YOUR OBJECTIVE —
Word for word, please copy the line containing "Ford Focus - 28" and all lines after it in the entries below, and only those, leaving every picture out.

Crawled caption data:
╔══

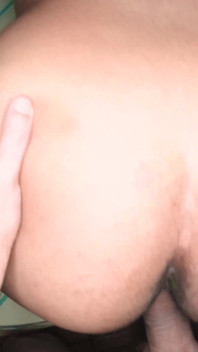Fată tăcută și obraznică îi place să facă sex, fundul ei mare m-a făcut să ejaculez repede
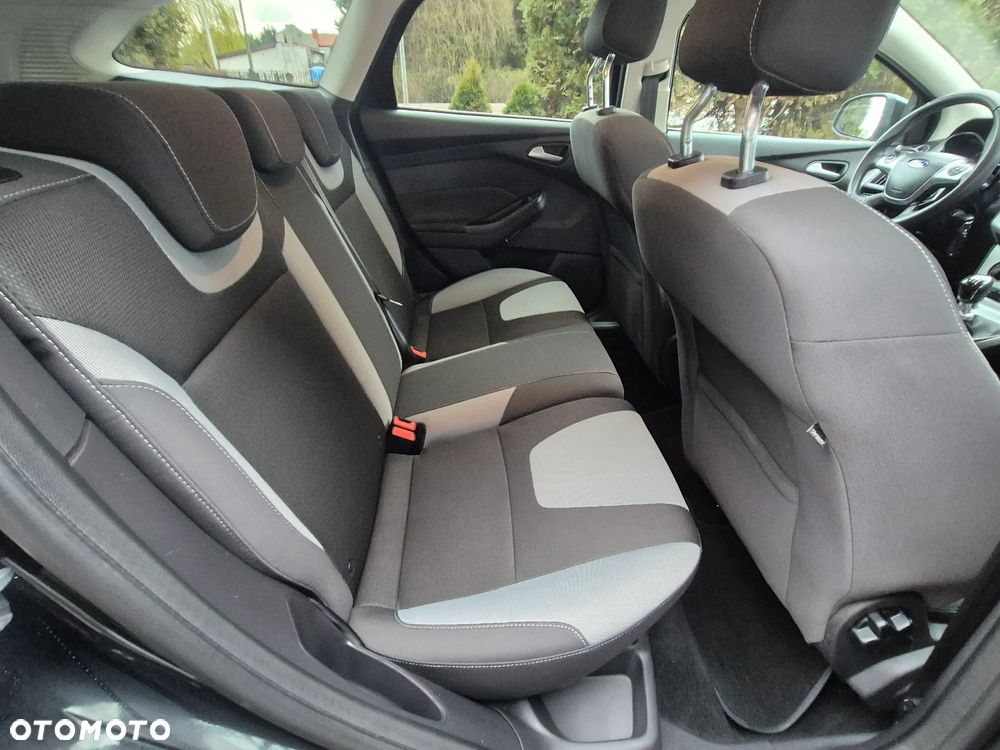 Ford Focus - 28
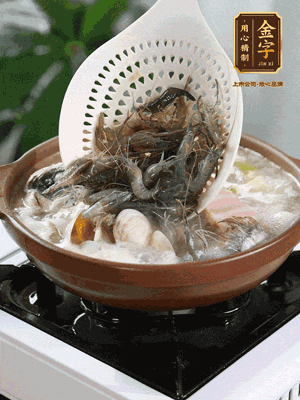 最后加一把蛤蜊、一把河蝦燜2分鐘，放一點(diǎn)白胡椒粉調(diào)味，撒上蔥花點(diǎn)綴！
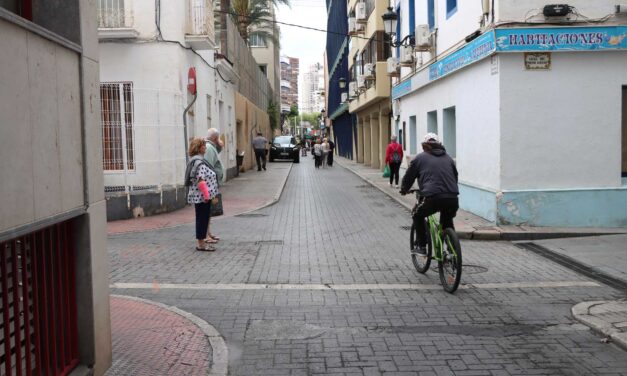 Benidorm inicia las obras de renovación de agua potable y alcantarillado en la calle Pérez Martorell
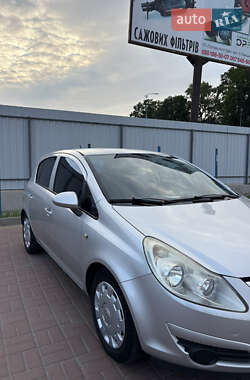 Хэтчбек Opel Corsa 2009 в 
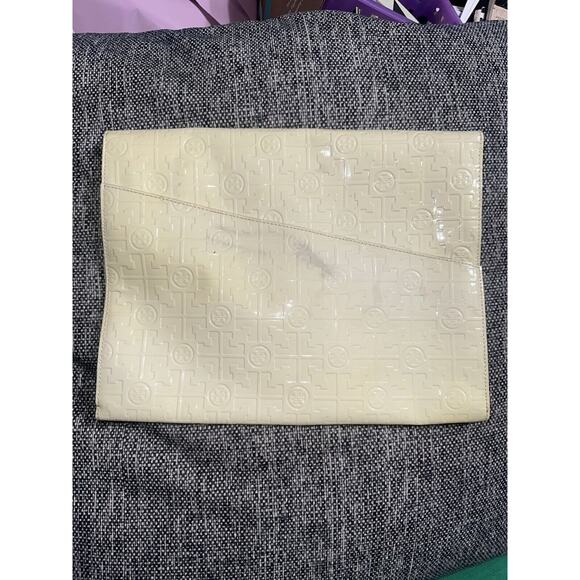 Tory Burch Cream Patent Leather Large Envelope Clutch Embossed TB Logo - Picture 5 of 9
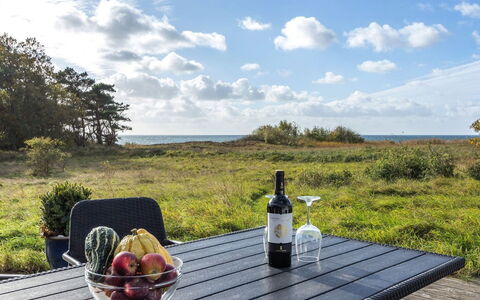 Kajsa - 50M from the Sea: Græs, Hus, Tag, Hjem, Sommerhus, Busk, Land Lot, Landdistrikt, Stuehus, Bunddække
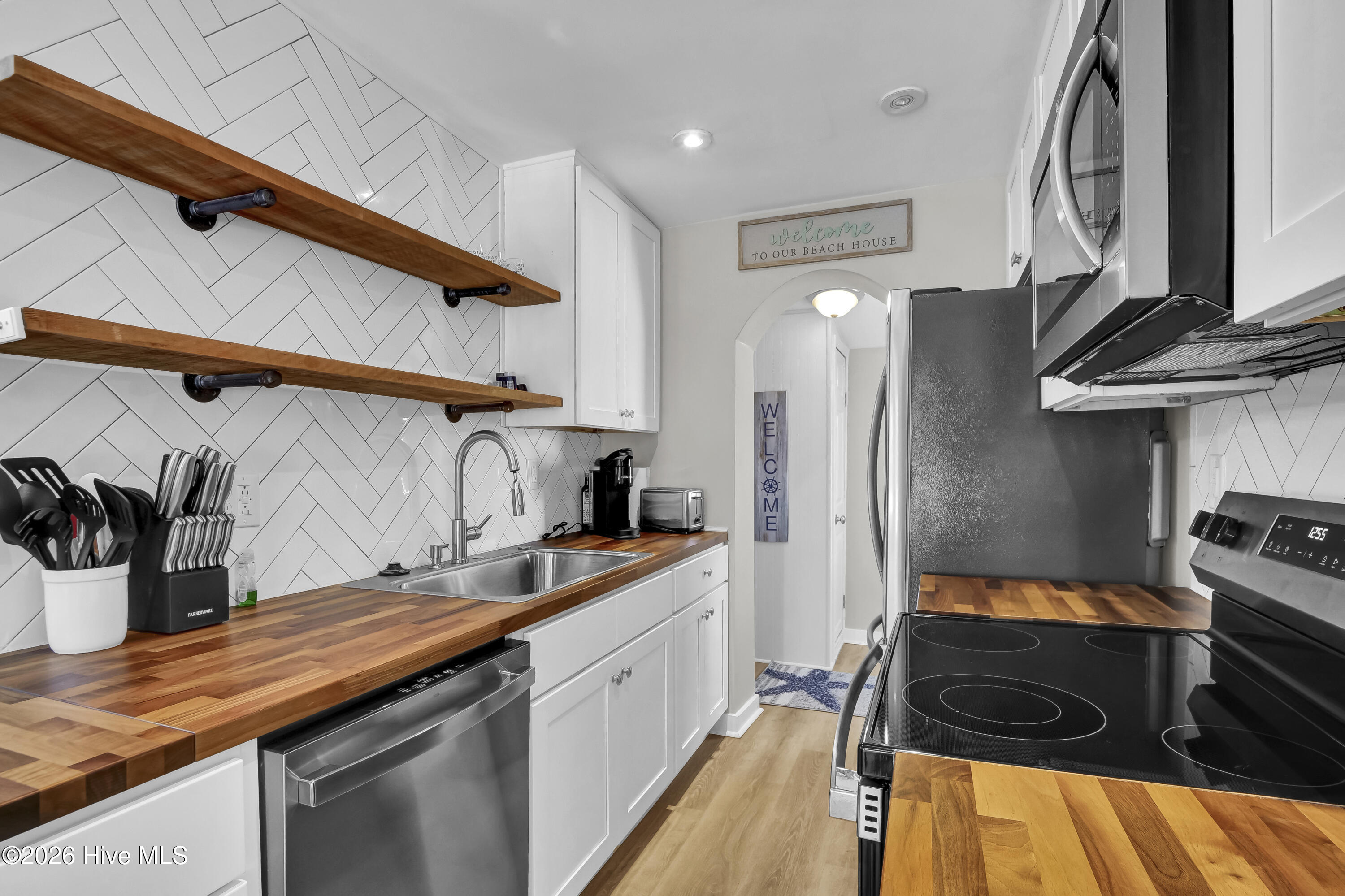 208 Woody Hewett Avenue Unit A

╚══

SOLUTION FOR THIS TASK —
 Ford Focus - 28
 最后加一把蛤蜊、一把河蝦燜2分鐘，放一點(diǎn)白胡椒粉調(diào)味，撒上蔥花點(diǎn)綴！
 Benidorm inicia las obras de renovación de agua potable y alcantarillado en la calle Pérez Martorell
 Хэтчбек Opel Corsa 2009 в 
 Tory Burch Cream Patent Leather Large Envelope Clutch Embossed TB Logo - Picture 5 of 9
 Kajsa - 50M from the Sea: Græs, Hus, Tag, Hjem, Sommerhus, Busk, Land Lot, Landdistrikt, Stuehus, Bunddække
 208 Woody Hewett Avenue Unit A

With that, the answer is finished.